Шрифт:
Интервал:
Закладка:
– Я запаниковал, – сказал он. – Я бы не нажал на спусковой крючок. Мне просто надо было, чтобы Веня подумал, что я это сделаю, и отпустил меня.
Но откуда-то же он взял эту угрозу. Раз Венедикт поверил в нее, значит, Рома мог ее осуществить. Убить самого себя, лишь бы быть с ней. Джульетте стало не по себе. Она этого не хотела, но надо думать, просто будучи Джульеттой Цай, она воплощала в себе царящее в этом городе насилие.
– Ты не можешь так поступить. – Она сжала его пальцы. – Ты не можешь выбрать меня и отринуть все остальное. Я этого не приму.
Прошла секунда. Пламя свечи, горящей на столе, колебалось, и на них падали пляшущие тени.
– Хорошо, я не буду, – прошептал Рома. Затем открыл глаза – медленно, чтобы приноровиться к тусклому свету. – Не покидай меня, Джульетта.
Это звучало как мольба. Мольба, обращенная к небу, к звездам, к силам, которые определяли их судьбы.
– Никогда, – торжественно пообещала Джульетта. Она и так уже делала это слишком много раз. – Я никогда не покину тебя.
Рома тихо вздохнул.
– Я знаю. – Он поцеловал внутреннюю часть ее запястья. – Думаю, я просто боялся, что они отняли тебя у меня.
От его слов у нее сдавило горло. Такова была их жизнь. Они всегда жили в страхе, хотя считалось, что у них есть сила и власть. Разве сила и власть не решают все проблемы?
Джульетта высвободила руку и вытянула мизинец.
– Клянусь своим сердцем, если это будет зависеть от меня, ты никогда меня не потеряешь.
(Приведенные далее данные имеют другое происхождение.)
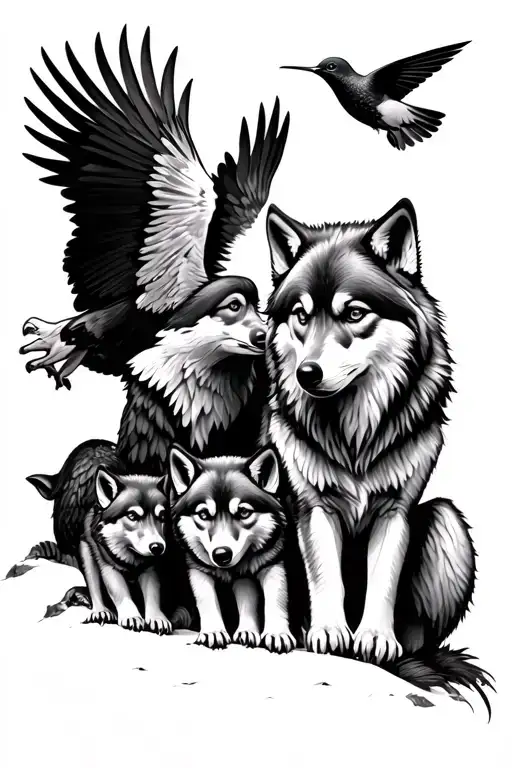 Eagle And Hummingbird Watching A Family Of Wolves 3 Cubs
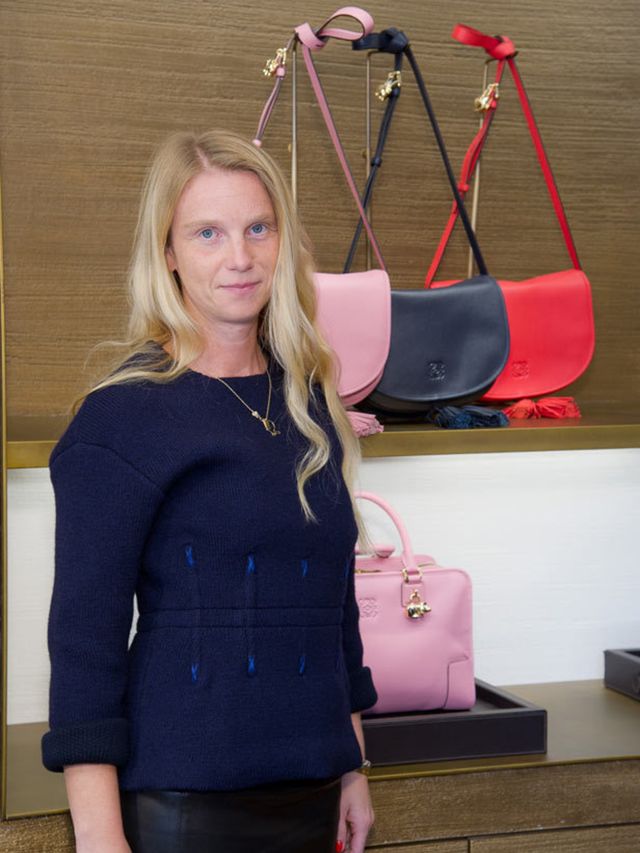 <p>Katie Hillier with her Loewe bag collaboration</p>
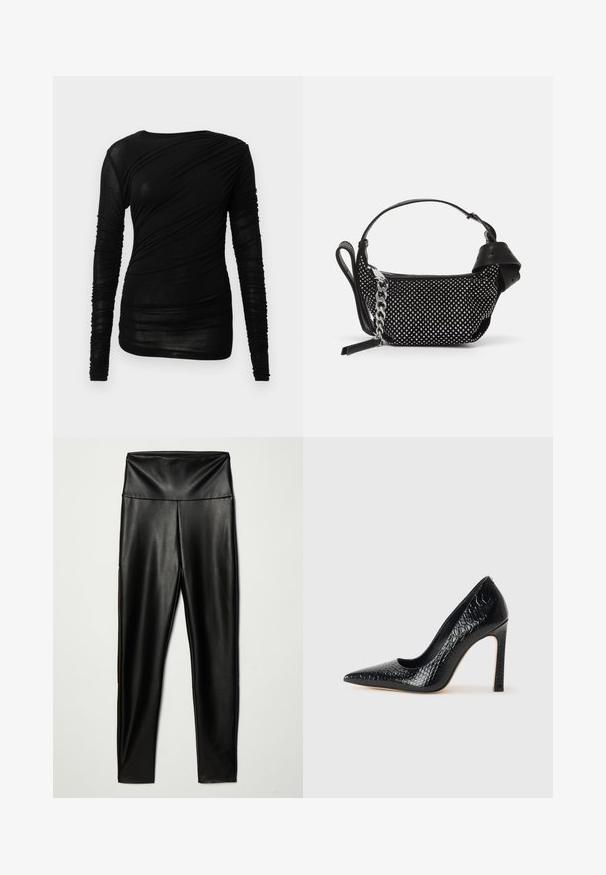 Musta pitkähihaisen paidan malli on istuva, siinä on rypytetty tekstuuri ja pyöreä pääntie, ja se on valmistettu kevyestä, läpikuultavasta kankaasta.; Mustat keinonahkaiset legginsit, joissa on korkea vyötärö, sileä pinta ja tiukka siluetti, ulottuvat nilkkoihin saakka.; Musta kapea nilkkakorkokenkä krokotiilin nahkakuviolla, joka on varustettu tyylikkäällä muotoilulla, korkealla stiletto-korkealla ja sileällä mustalla sisäosalla.; Musta käsilaukku, jossa on niittikoristeet, ketjuhihna ja sileä nahkakahva, pyöreä muoto ja vetoketjullinen osasto.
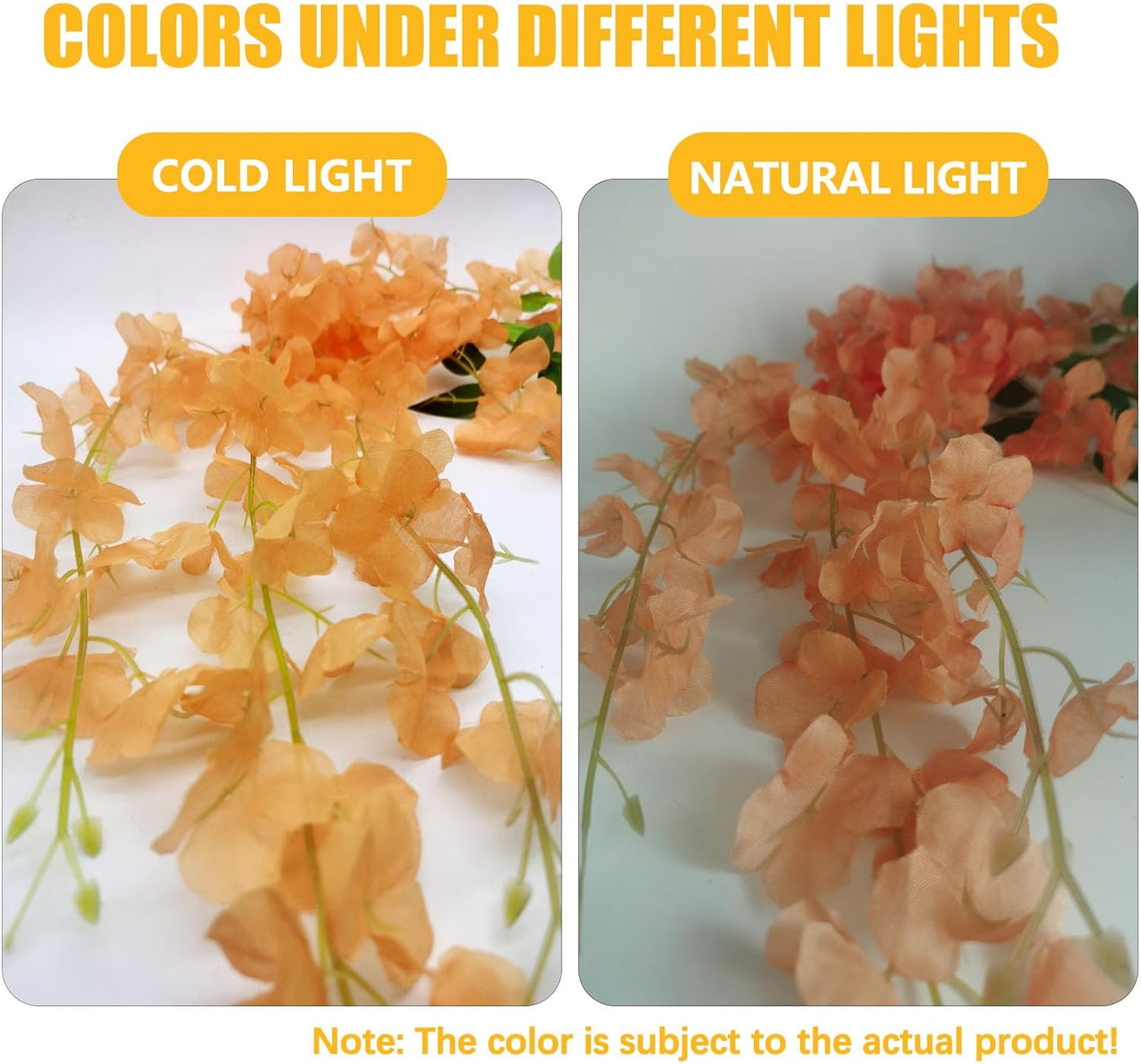 12 Pack Orange Wisteria Hanging Flowers, 3.44 Ft Fake Hanging Flowers, Artificial Wisteria Garland Vines for Wedding Room Backdrop Outdoor Patio Garden Decoration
Свеча мерцала. Рома перевел взгляд с ее лица на ее руку.
– Это что… такой странный американский обычай?
Джульетта фыркнула и, взяв Рому за руку, сцепила их мизинцы.
– Да, – ответила она. – По этому обычаю, если я нарушу свое обещание, ты можешь отрубить мне мизинец.
– Это японское толкование. Юбикири.
– То есть ты все-таки знаешь, что это значит?
Рома не хотел, чтобы она подумала, что поймала его на мелком вранье. Придав своему лицу нарочито серьезное выражение, он повернул ее руку ладонью к себе и растопырил ее пальцы.
– А что, если я хочу не этот палец? – спросил он, постучав по ее мизинцу, и провел ногтем по безымянному пальцу. – Что если я хочу вот этот?
Сердце Джульетты забилось часто и гулко.
– Какое нездоровое желание, – заметила она.
– Хм-м. – Рома начертил вокруг ее пальца круг, не оставив никаких сомнений в том, что он имеет в виду. – Думаю, в моем желании нет ничего нездорового.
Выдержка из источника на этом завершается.